INPUT RECORDS:
═══
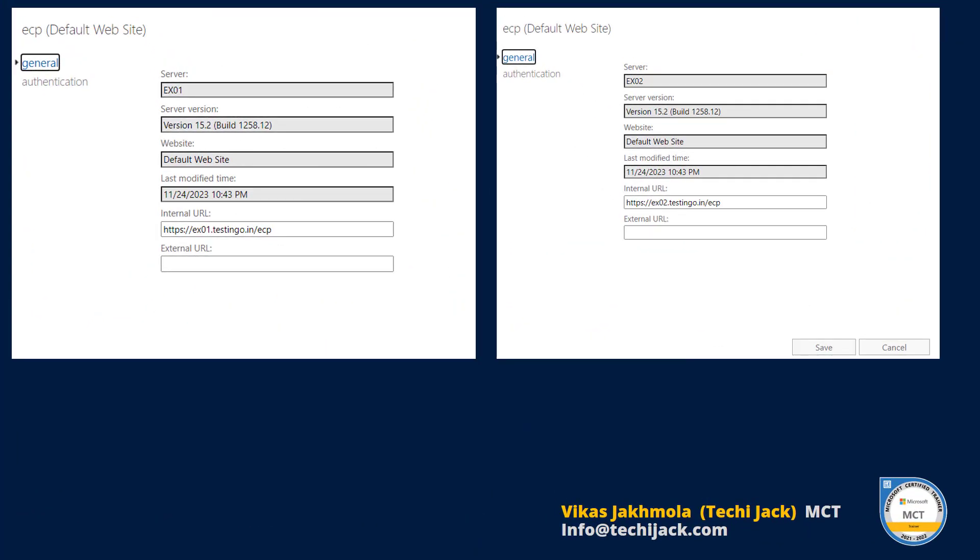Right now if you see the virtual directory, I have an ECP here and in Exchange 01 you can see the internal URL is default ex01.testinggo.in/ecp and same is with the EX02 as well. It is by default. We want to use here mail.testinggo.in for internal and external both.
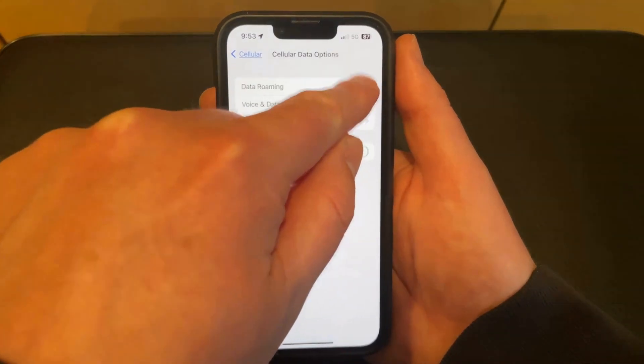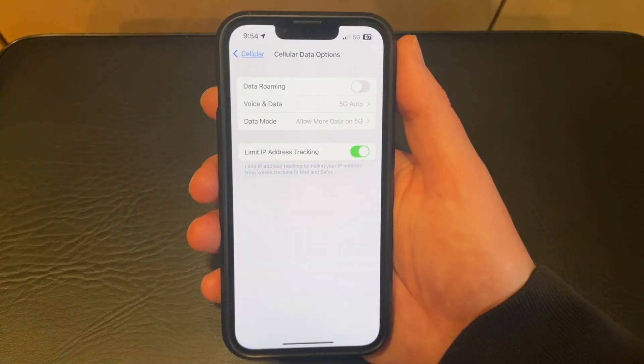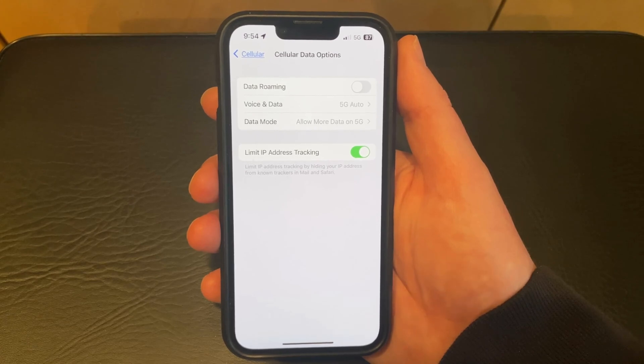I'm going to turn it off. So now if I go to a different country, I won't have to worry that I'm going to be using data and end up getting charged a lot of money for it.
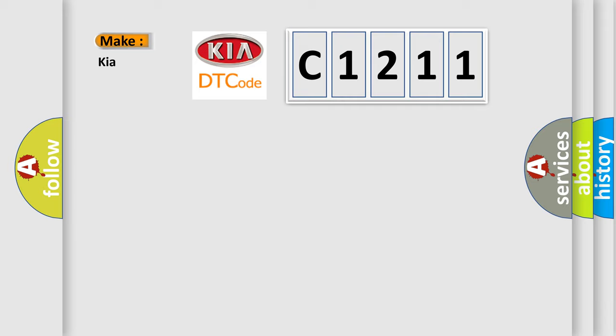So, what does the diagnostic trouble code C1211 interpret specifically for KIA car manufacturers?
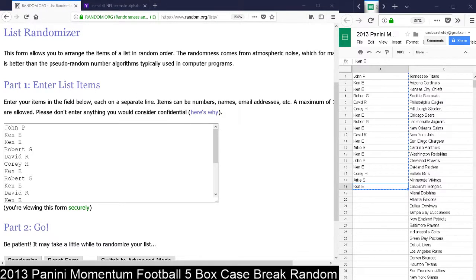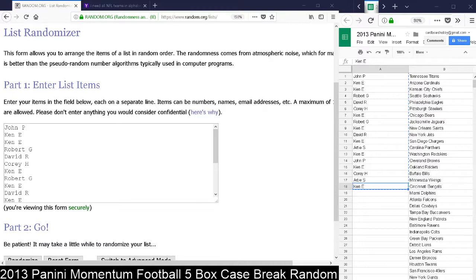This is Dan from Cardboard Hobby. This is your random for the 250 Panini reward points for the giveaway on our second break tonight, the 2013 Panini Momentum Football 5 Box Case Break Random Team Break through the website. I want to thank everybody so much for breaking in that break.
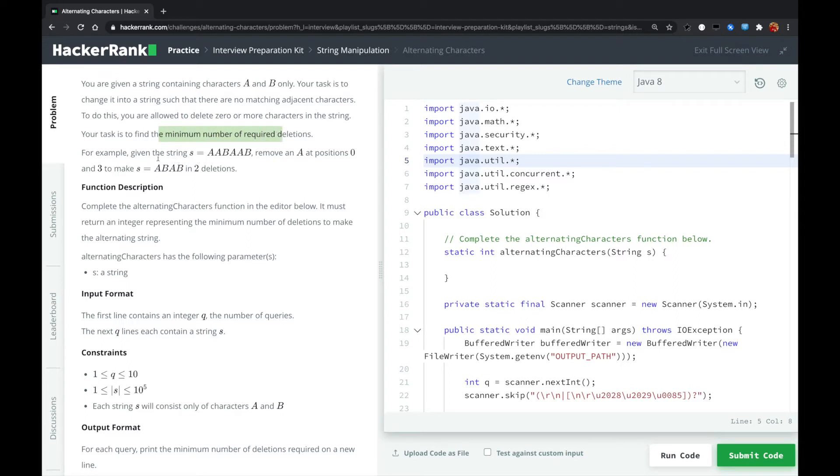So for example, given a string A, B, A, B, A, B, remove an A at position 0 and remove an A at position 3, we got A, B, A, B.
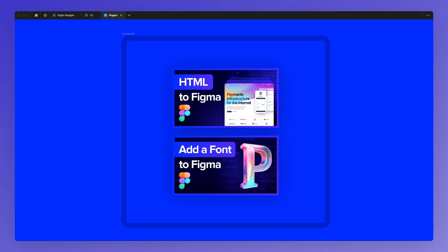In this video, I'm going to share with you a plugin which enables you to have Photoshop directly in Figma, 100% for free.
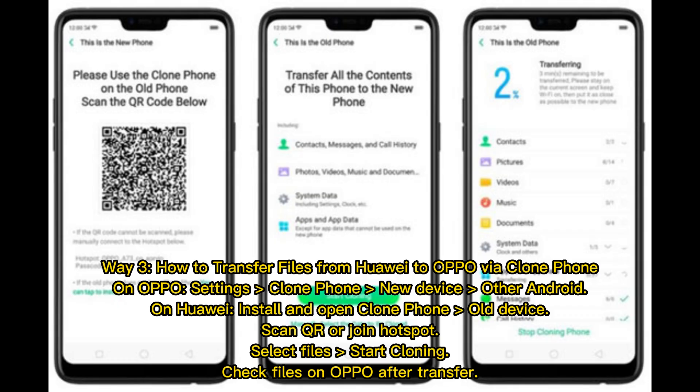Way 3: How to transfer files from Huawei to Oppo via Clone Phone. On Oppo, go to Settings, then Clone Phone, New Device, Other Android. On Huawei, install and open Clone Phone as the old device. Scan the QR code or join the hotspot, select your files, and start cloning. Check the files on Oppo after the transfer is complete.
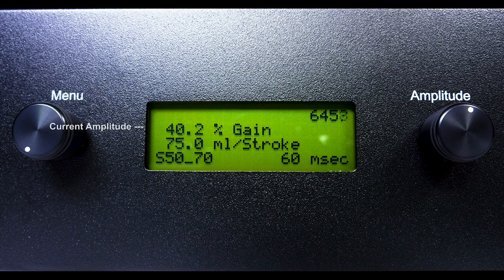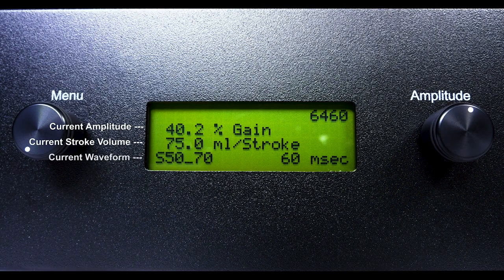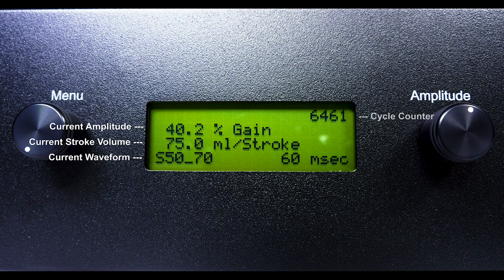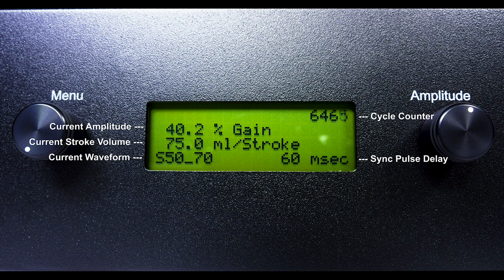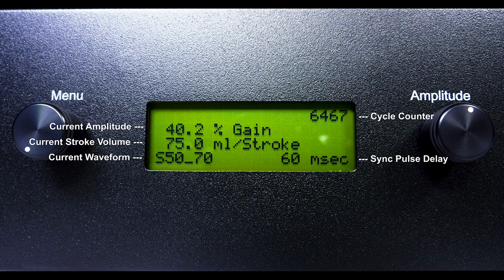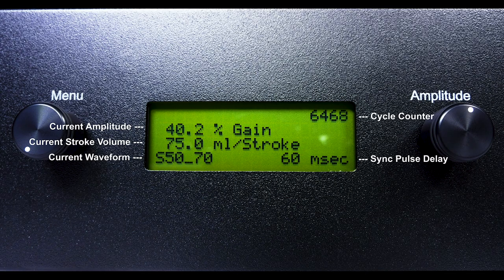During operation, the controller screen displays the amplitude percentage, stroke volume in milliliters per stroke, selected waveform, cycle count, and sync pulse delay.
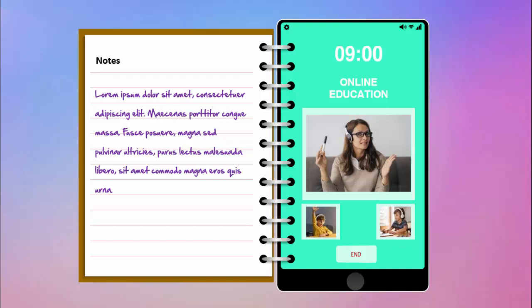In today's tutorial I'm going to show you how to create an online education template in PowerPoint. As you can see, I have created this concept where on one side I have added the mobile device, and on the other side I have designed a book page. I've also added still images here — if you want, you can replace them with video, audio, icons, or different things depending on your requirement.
═══
WHAT IS EXPECTED:
Of all the material above, only the lines from the one that has "So, what does" down to the one that has "In this video, I'm" are to be written out, exactly and with both ends included. Pictures are skipped.

RESULT FOR THIS EXERCISE:
So, what does the diagnostic trouble code C1211 interpret specifically for KIA car manufacturers?
This is Dan from Cardboard Hobby. This is your random for the 250 Panini reward points for the giveaway on our second break tonight, the 2013 Panini Momentum Football 5 Box Case Break Random Team Break through the website. I want to thank everybody so much for breaking in that break.
So for example, given a string A, B, A, B, A, B, remove an A at position 0 and remove an A at position 3, we got A, B, A, B.
In this video, I'm going to share with you a plugin which enables you to have Photoshop directly in Figma, 100% for free.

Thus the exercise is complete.